This week, I built off of the signal processing work we did in the previous weeks to create the output of the signal processing algorithm. The process after reading the original input file is as follows:
- We first apply a pre-emphasis on the audio input:
- To do this, we use the equation y(t) = x(t) – alpha*x(t-1). The alpha value is a predetermined filter coefficient which is usually 0.95 or 0.97.
- By doing so, we will be able to improve the signal to noise ratio by amplifying the signal.
- We then frame the updated signal:
- Framing is useful because a signal is constantly changing over time. Doing a simple Fourier transform over the whole signal because we would lose the variations through time.
- Thus, by taking the Fourier transform of adjacent frames with overlap, we will preserve as much of the original signal as possible.
- We are using 20 millisecond frames with 10 millisecond frames.

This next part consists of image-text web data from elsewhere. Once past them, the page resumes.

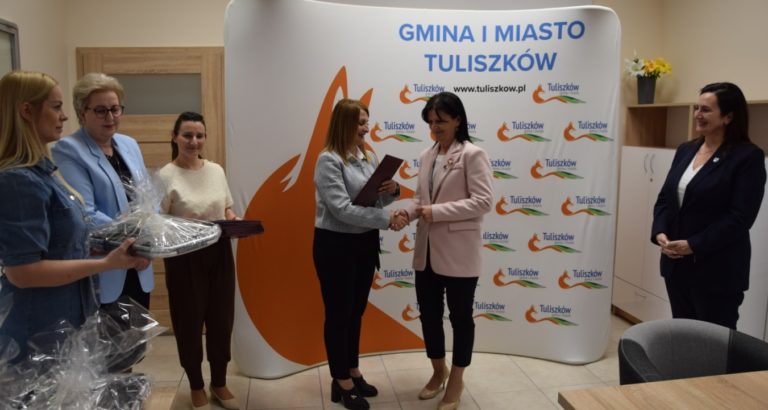 Dzień Sołtysa w Tuliszkowie: podziękowania i szkolenie dla lokalnych liderów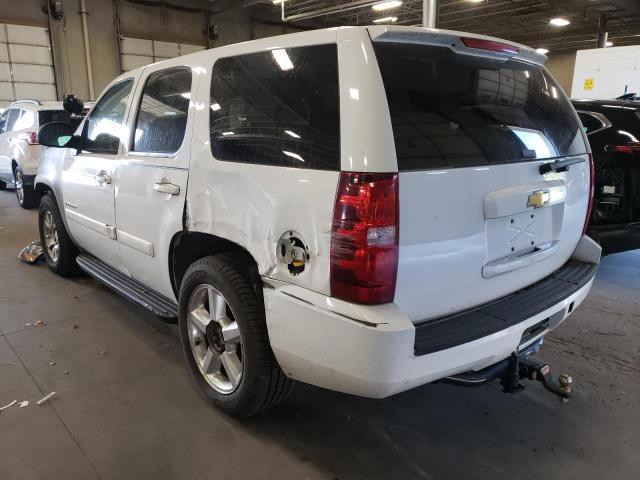 Photo 3 from auction – 2013 CHEVROLET TAHOE POLI with VIN 1GNLC2E01DR225772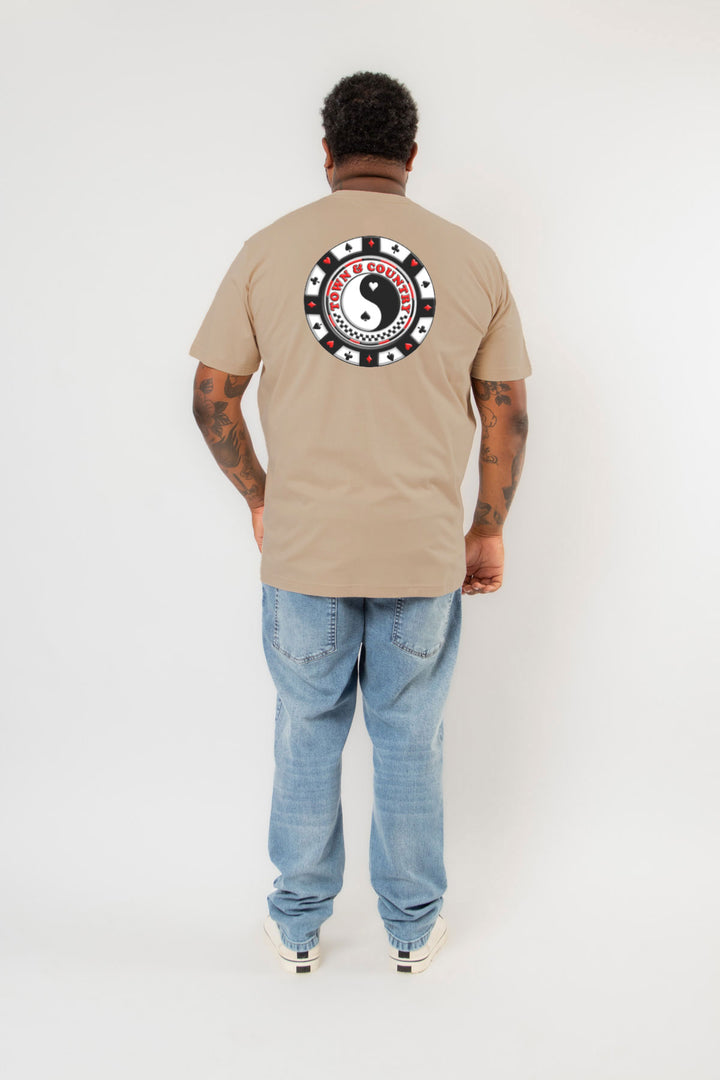 CAMISETA CLASSIC LARGE CASSINO TOWN & COUNTRY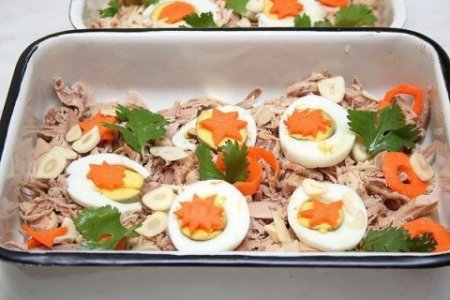 Куриный холодец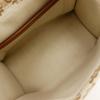 CELINE Triomphe Small Hippo Thais Handbag 19916 2EZ6 01BC 2WAYShoulder beige canvas Women Used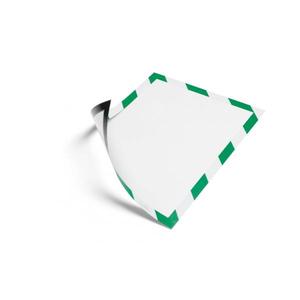DURAFRAME DURABLE - 4945-130®Cadre d'affichage A4 de SÉCURITÉ MAGNETIQUE (multi-pack) - Product Image 2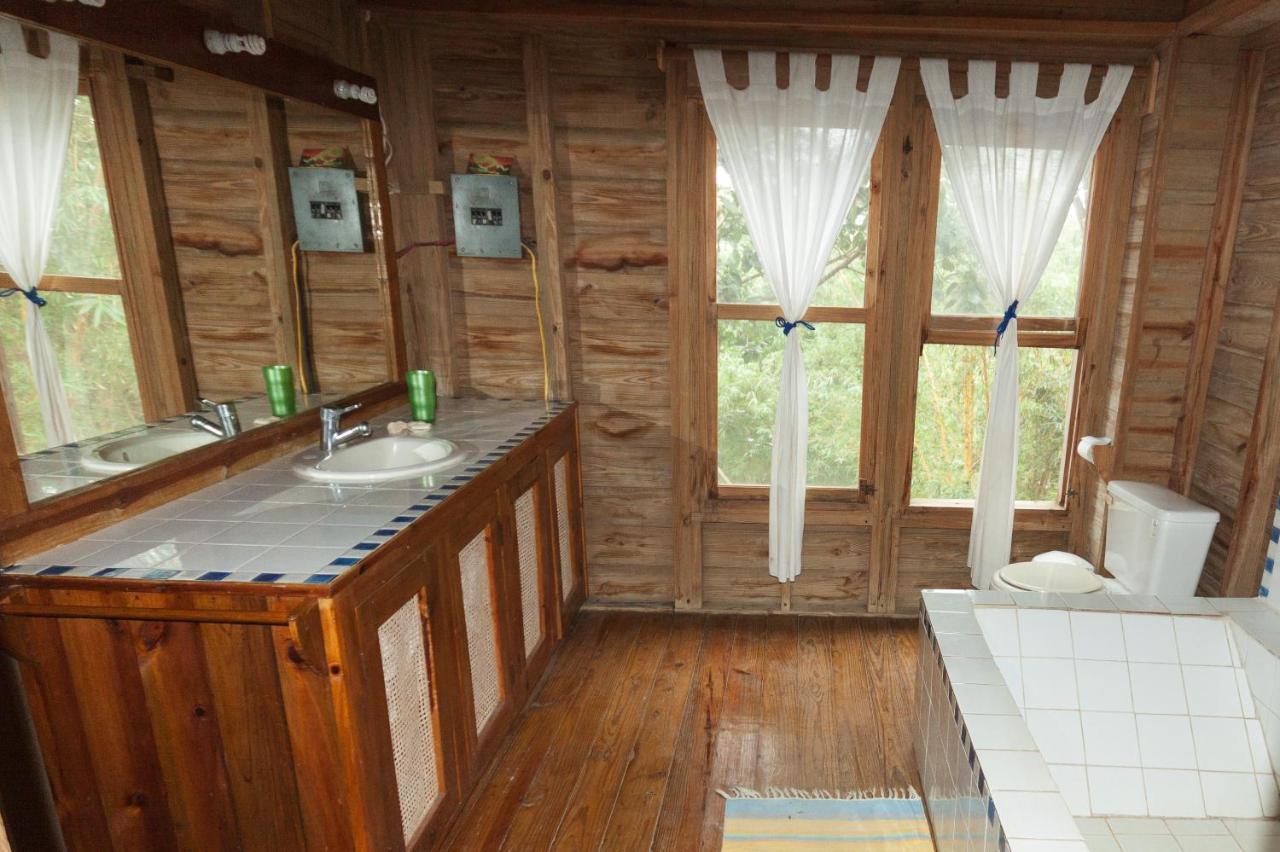 Roatan Bed & Breakfast Apartments West End Extérieur photo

- With the updated signal, we use a hamming window:
- A Hamming window reduces the effects of leakage that occurs when performing a Fourier transform on the data.
- To apply it, we use a simple line of code in python.
- Fourier Transform and Power Spectrum:
- We can now do the Fourier Transform on the data and compute the power spectrum to be able to distinguish different audio data from each other.
The output will continue to be modified and enhanced to make our algorithm better, but we have something to input into our neural network now. I began looking into filter banks and mfcc, which are two techniques used to change the data so it is more understandable to the human ear. I will continue this next week and if time allows help the team with the neural network algorithm.